Чуть дальше хозяин и работники смотрят растеряно на развалины магазина «Крымские вина». Мужчина выносит уцелевшую бутылку. Работники потеют при мысли о том, что мина могла бы попасть в магазин в их смену. Хозяин не может понять, кто и за что его ограбил.
Пишут, что президент Украины является гарантом Конституции и соблюдения прав и свобод человека. Якобы, «человек, его жизнь и здоровье» и прочие тыры-пыры «признаются в Украине наивысшей социальной ценностью». Брешут! Магазинчик-то тю-тю. И не только украинский гарант, но и мировые — тупо смотрят в сторону! Типа: я — не я и хата — не моя. Нет магазина, нет стекол в домах. Чуть дальше — нет дома и квартиры в доме. Вместо нее — огромная дыра в стене с грудой битого кирпича под ней. В дыру видна пыльная люстра с разбитым плафоном. Нет двух шахтеров и женщины, ждавшей трамвая. Они убиты, порваны осколками мины по пути на работу. Почему украинского гаранта не судят? Он не обеспечил погибшим то, что по должности обязан был им обеспечить? Почему не судят тех, кто создал такую ситуацию на Украине? Кто раздавал биты на Майдане и кричал про «кулю в лоб»? Кто послал украинскую армию на Донбасс? До ее прихода мирные жители Донбасса не гибли, а дома их, заводы, школы, детские сады не разрушались. Те, кого Киев сейчас называет «террористами» захватывали ОГА, СБУ, прокуратуру, милицию. При этих захватах старики и дети не гибли…
Звонок донецкого знакомого вернул в реальность. Он все видел, знает и уверен, что террористы обстреливают наш город, из которого они с женой удрали три месяца назад. Украина «подарила» им внешне пристойную, но воровскую, безбедную жизнь. Последние 10–15 оии «катались как сыр в масле». Сейчас они «катаются», но уже не по миру, а в Крыму. Домой приезжать боятся. Знакомый считает, что террористы из одного района Донецка обстреливают другой. Потом меняют дислокацию и снова обстреливают. Параллельно они бьют по украинской армии, которая в ответ бьет по мобильным группам террористов. Точность украинской армии оставляет желать лучшего и поэтому по Донецку бьют обе стороны конфликта. Одни — с террористической целью, другие “ с освободительной.
— В чем же выгода террористов?
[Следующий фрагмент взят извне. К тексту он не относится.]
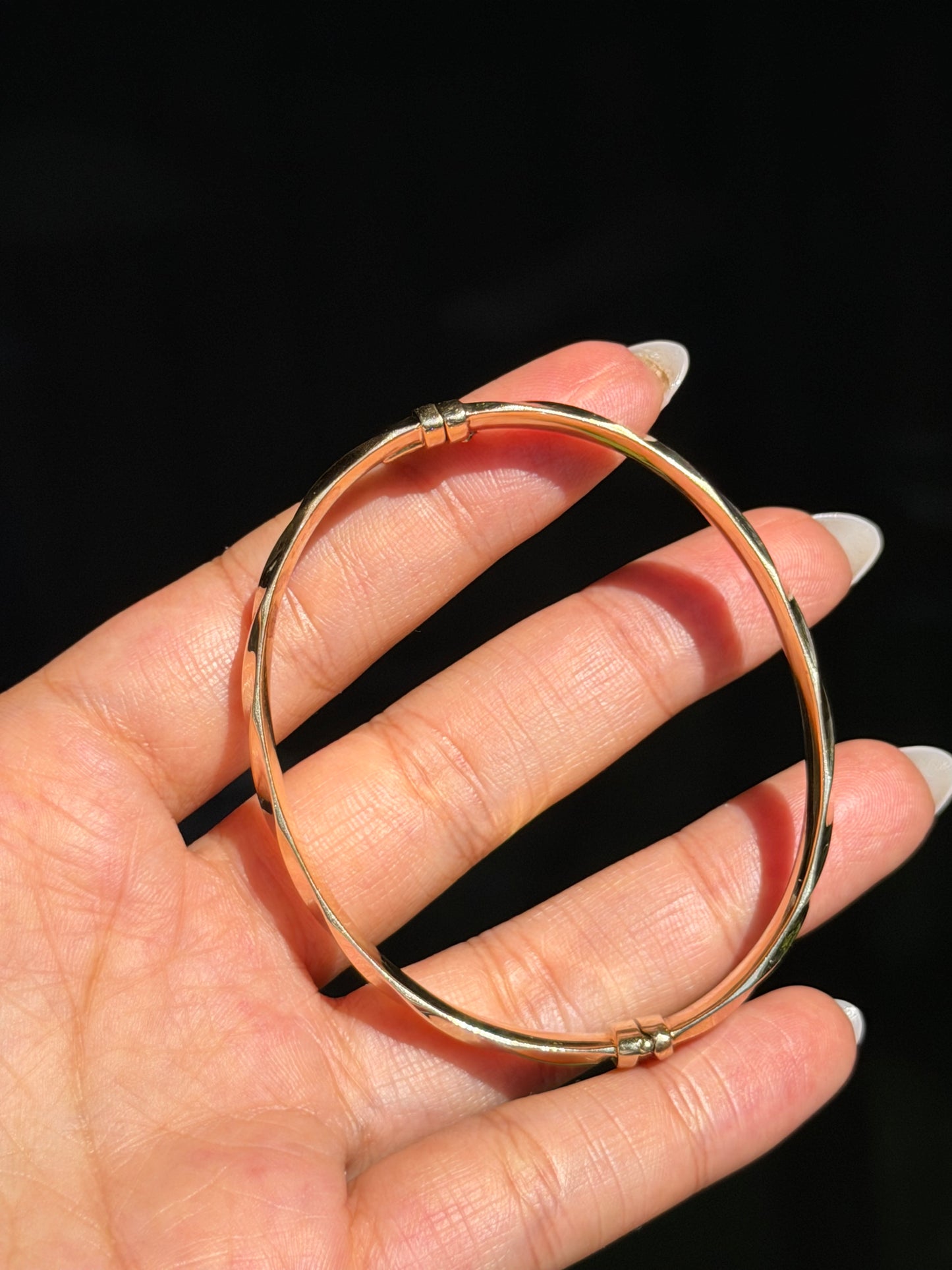 14k Italian hinged bracelet by Milor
Деньги на вооружение, боеприпасы тратят, а преступные сверхприбыли с чего?
Выгод он не называет, но многословно приплетает Россию, не замечая, что ссылкой на участие в конфликте России басню о террористах разрушает.
— А волю населения Донбасса и Крыма ты не учитываешь?
Этот вопрос, видимо, раздражает не только его, но и украинского оператора. Он не перезванивает. Я тоже.
28 августа. Успение Пресвятой Богородицы. Утро. Иду на работу. Трамваи уже неделю не ходят. Возле магазина стоит разрисованный в защитные цвета микроавтобус с надписью «ДНР» на боку.
— До Артема подвезете?
— Садись.
Сел. Между сиденьями автомат дулом вниз. Водила стоит, рассматривает колесо, не обращая на меня внимания.